Stuart Corner
Friday, 03 April 2009 00:48
IT Industry -
Market
Page 2 of 2
Martens explained Zscaler's approach to filtering and blocking as: "In the area of reputation we thought that an IP address is not a sufficient means of reputation when that might represent dozens of servers and hundreds of thousands of web pages. We don’t believe that is granular enough. So we scan every page and if on that page we find, for example, a Java applet that is trying to access the hard disc and perhaps a username and password field we can build a risk assessment and based on a user's policy decide how to treat that page."
He conceded that this approach "requires an awful lot of grunt," but said: "That is exactly what Kailash as gone out and built...We have what it takes to make this work and we can do what other people cannot."
Zscaler is moving rapidly from start-up product development to global rollout. Martens said Chaudhry had recruited a world wide sales team in February. "He has the funding to fund this entire venture without any venture capitalists. That is very powerful in this day and age. He has very big ambitions for this business...Right now we have 22 nodes around the world.

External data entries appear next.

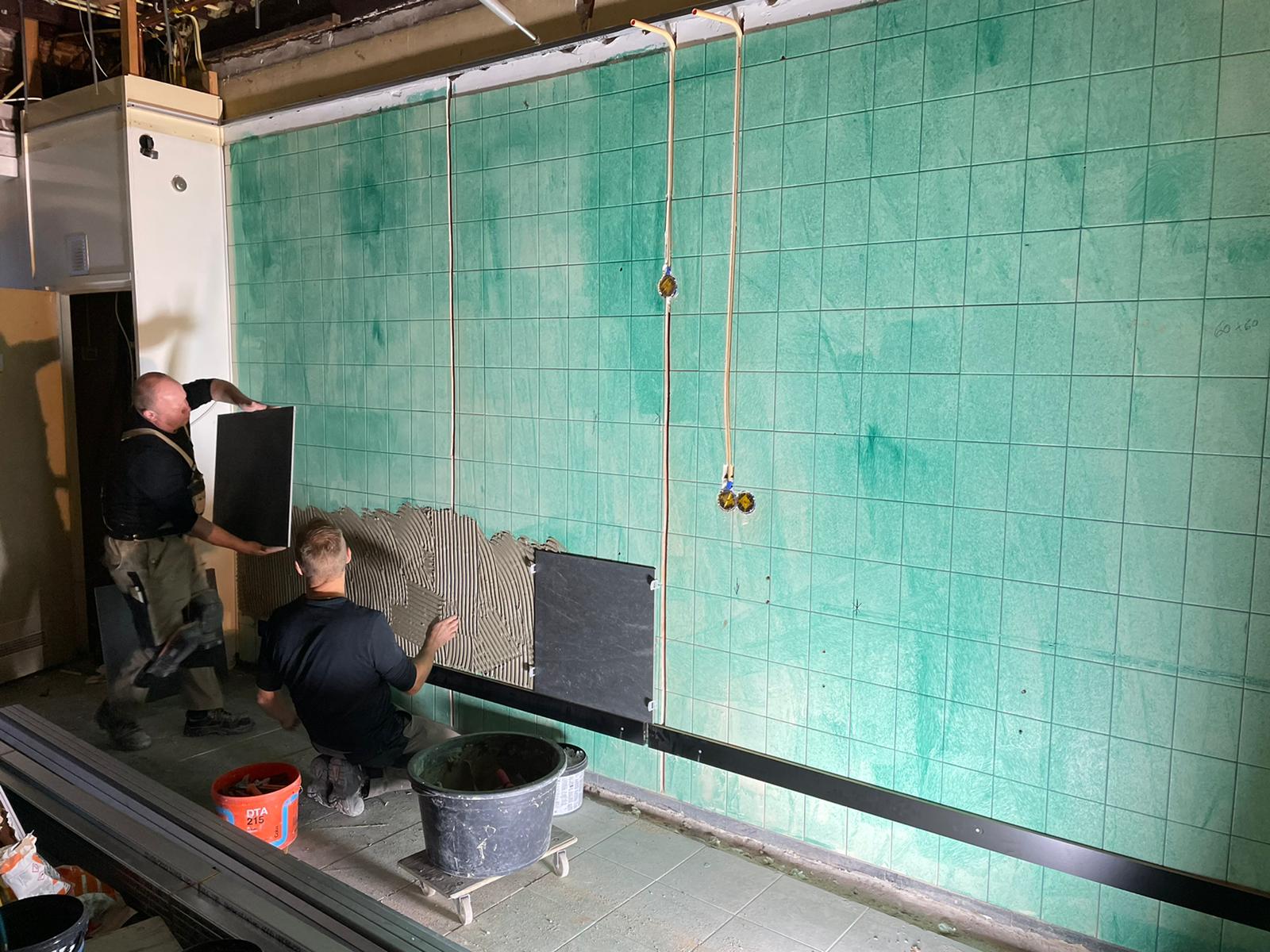 Whatsapp Image 2022 10 26 At 10.15.05 AM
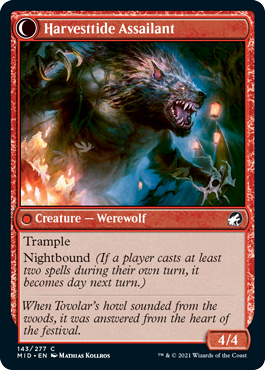 Harvesttide Infiltrator2.png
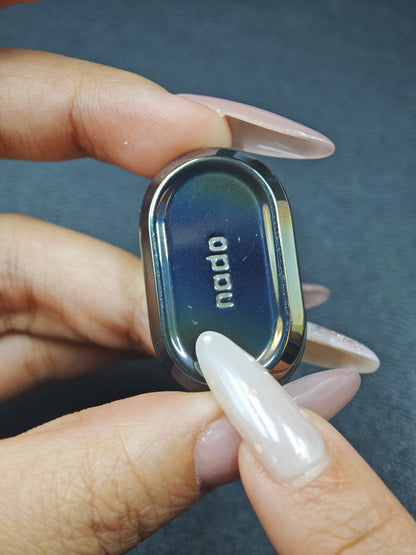 Nado Zirconium Oil Slick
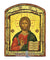 Ιησούς Χριστός Καζάν-Christianity Art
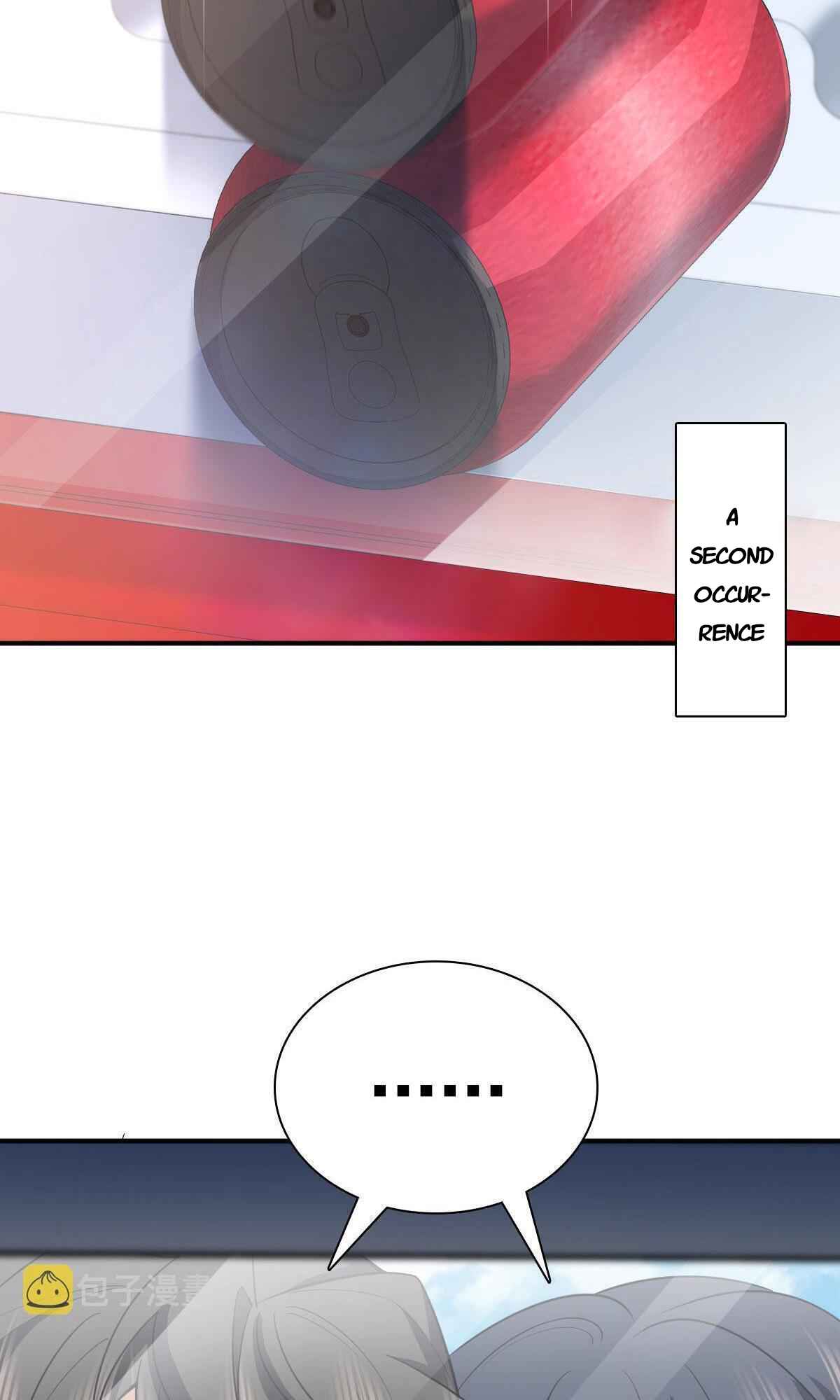 My Wife Is From a Thousand Years Ago chapter 86 page 44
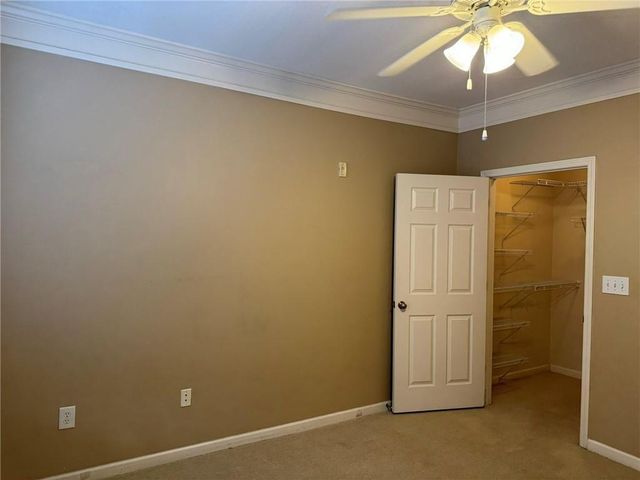 400 17th NW 2205, Atlanta, GA 30363
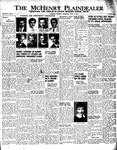 McHenry Plaindealer (McHenry, IL), 16 Jun 1955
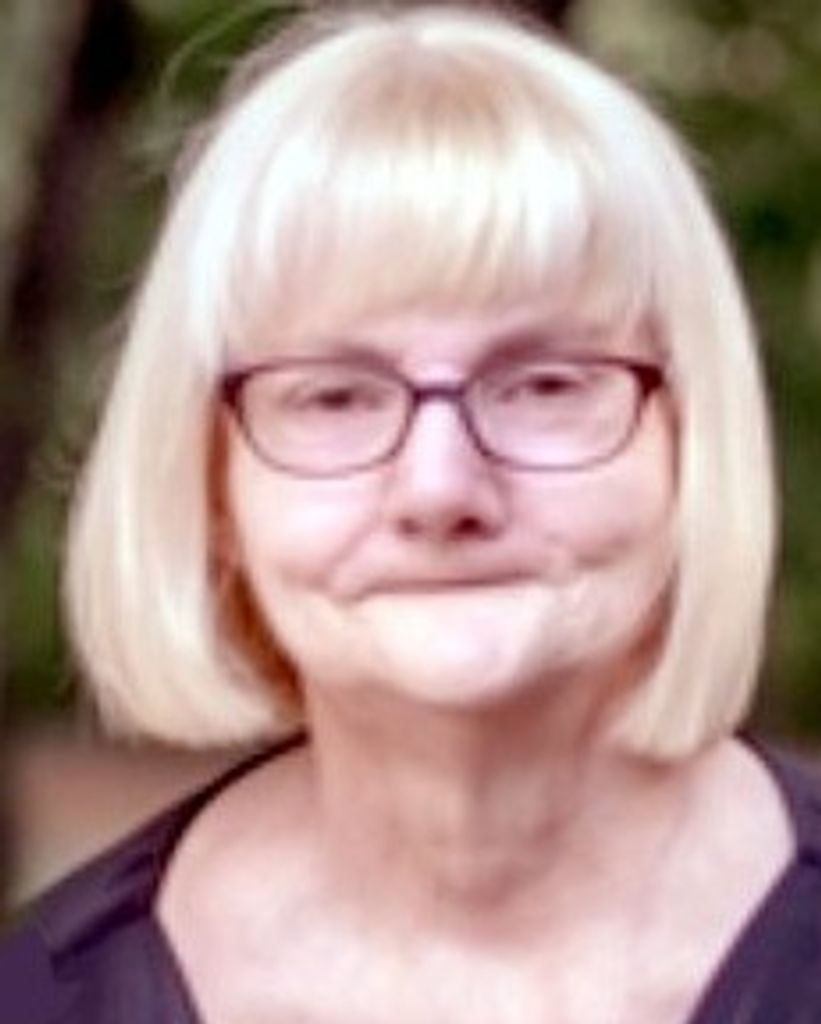 Chris Ann (Lenis) Groccia Profile Photo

In the last four weeks we have deployed in Singapore, Hong Kong, Mumbai and Tokyo. We believe this will help us to move forward very quickly."
First Australian node up and running
Zscaler has just configured its first Australian node, in Adelaide, "We will have many nodes in Australia by year end," Martens said. "The reason we can do that is because they are low cost and high performance All we need for a node capable of 10Gbps throughput is two rack units."
In Australia Martens said the company would go to market through resellers, ISPs and telco partners. "I am talking to all the major telcos...It makes a lot of sense to put a node in a telco's network."
He named Generation Eight in Melbourne and Communications Australia in Perth as two early resellers saying the company had a waiting list of prospective customers. "We have resellers in place who are very keen on the products and who are linking up prospects to start evaluations tomorrow...Anything from SMBs to companies with 500-2000 users who are looking to solve the problem of multiple sites that would require multiple appliance. At the top end enterprises are looking for the breadth of security we are providing."
Asked if the company had any plans to extend it services into email filtering, Martens said: "All I can really say is we are capable of very very fast scanning there are all sorts of things that wil allow us to do...[but] today we are a web filtering company."